Per esempio, dando forza all’azionariato popolare e a una forma gestionale pienamente autonoma, tipo Cnn, in cui i contenuti e le collaborazioni giornalistiche siano frutto di merito e non di apparentamenti clientelari. Nessuno dice, quando si parla dell’inesistenza dei così detti “editori puri”, che l’unica cosa sensata da fare con effetto immediato sia l’approvazione di una legge molto rigorosa sul conflitto d’interessi, che impedisca i monopoli informativi individuando, altresì, forme di autofinanziamento della stampa libera e indipendente attraverso la modifica del meccanismo dell’otto per mille. Non è, forse, la Libertà l’unica, vera religione laica? Se, però, tutto ciò non fa presa, viene il sospetto che questo muoversi all’unisono di forze della sinistra, che non sono mai riuscite da almeno un decennio a vincere unite una sola elezione generale, sia finalizzato alla “orbanizzazione” dei vincitori del 2022, in vista delle europee di giugno. Il senso politico, cioè, è quello di impedire alle forze conservatrici (accusate di neofascismo e, quindi, di essere una destra “impresentabile” con la quale non ci si può alleare) di unirsi ai centristi e ai popolari europei, per formare finalmente una coalizione alternativa a quella di centrosinistra, che da decenni governa l’Europa e Bruxelles, con i suoi processi lumaca e l’iperburocrazia della messa in esecuzione dei trattati.

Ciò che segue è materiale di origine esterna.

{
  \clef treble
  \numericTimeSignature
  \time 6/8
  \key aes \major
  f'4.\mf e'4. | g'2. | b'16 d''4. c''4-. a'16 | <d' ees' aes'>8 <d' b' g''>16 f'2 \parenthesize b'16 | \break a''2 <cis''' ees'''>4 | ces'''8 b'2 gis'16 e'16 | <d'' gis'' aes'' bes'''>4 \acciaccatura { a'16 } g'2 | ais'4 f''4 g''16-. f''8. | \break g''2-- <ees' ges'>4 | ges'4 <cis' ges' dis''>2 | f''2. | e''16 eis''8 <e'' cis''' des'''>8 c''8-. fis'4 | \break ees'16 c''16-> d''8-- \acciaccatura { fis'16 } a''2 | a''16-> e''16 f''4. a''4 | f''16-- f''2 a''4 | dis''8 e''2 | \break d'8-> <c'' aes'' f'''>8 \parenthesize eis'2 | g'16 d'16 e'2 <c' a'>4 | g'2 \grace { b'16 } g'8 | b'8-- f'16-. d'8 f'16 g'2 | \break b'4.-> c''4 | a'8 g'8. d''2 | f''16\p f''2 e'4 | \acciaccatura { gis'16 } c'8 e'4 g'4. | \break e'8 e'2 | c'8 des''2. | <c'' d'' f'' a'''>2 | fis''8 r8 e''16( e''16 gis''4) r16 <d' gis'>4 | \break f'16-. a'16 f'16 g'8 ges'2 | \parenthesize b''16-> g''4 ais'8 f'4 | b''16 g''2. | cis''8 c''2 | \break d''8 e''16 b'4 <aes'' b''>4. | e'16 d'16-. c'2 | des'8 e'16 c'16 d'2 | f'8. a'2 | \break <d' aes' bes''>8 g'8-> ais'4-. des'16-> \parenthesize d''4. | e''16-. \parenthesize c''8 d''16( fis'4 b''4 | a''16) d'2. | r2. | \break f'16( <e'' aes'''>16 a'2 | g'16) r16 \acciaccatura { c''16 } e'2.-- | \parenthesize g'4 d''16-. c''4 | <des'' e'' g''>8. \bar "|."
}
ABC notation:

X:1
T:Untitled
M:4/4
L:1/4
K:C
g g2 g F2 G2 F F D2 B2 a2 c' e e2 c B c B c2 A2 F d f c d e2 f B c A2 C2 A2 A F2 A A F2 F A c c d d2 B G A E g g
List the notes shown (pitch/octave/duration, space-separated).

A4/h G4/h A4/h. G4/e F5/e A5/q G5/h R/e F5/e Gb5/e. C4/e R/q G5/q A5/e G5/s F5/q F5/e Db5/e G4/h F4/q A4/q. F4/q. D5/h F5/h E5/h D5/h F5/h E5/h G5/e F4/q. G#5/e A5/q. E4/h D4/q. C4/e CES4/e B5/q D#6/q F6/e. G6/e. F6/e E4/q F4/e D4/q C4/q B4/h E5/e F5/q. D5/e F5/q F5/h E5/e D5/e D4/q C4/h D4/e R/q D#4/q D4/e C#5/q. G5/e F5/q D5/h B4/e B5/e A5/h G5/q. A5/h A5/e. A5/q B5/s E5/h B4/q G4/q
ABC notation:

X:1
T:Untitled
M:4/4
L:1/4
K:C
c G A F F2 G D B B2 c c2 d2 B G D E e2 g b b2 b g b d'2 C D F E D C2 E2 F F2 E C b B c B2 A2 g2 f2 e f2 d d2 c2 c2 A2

Quindi, se qualcuno che si definisce convintamente un “conservatore” non ribadisce a ogni sorgere del sole di essere “antifascista”; se costui per di più intende rafforzare i poteri dell’Esecutivo con l’elezione diretta del presidente (che esiste in non pochi regimi democratici, anche in via surrettizia, dato che viene nominato premier il segretario del partito di maggioranza!), allora si tratta di qualcuno che intende tornare per via obliqua all’esecrato Ventennio. Un reietto, un parìa che deve essere allontanato dall’Olimpo di Strasburgo, per non nuocere alla creatura europea voluta dai Padri fondatori. È ora che questo meccanismo da macchina del fango sia fermato per tempo, facendo in particolare della Rai una Casa di vetro, magari introducendo una sorta di procedura di sorteggio per i conduttori di talk e di programmi popolari di grande ascolto, sul tipo di quello che si vuole adottare per il Consiglio superiore della magistratura.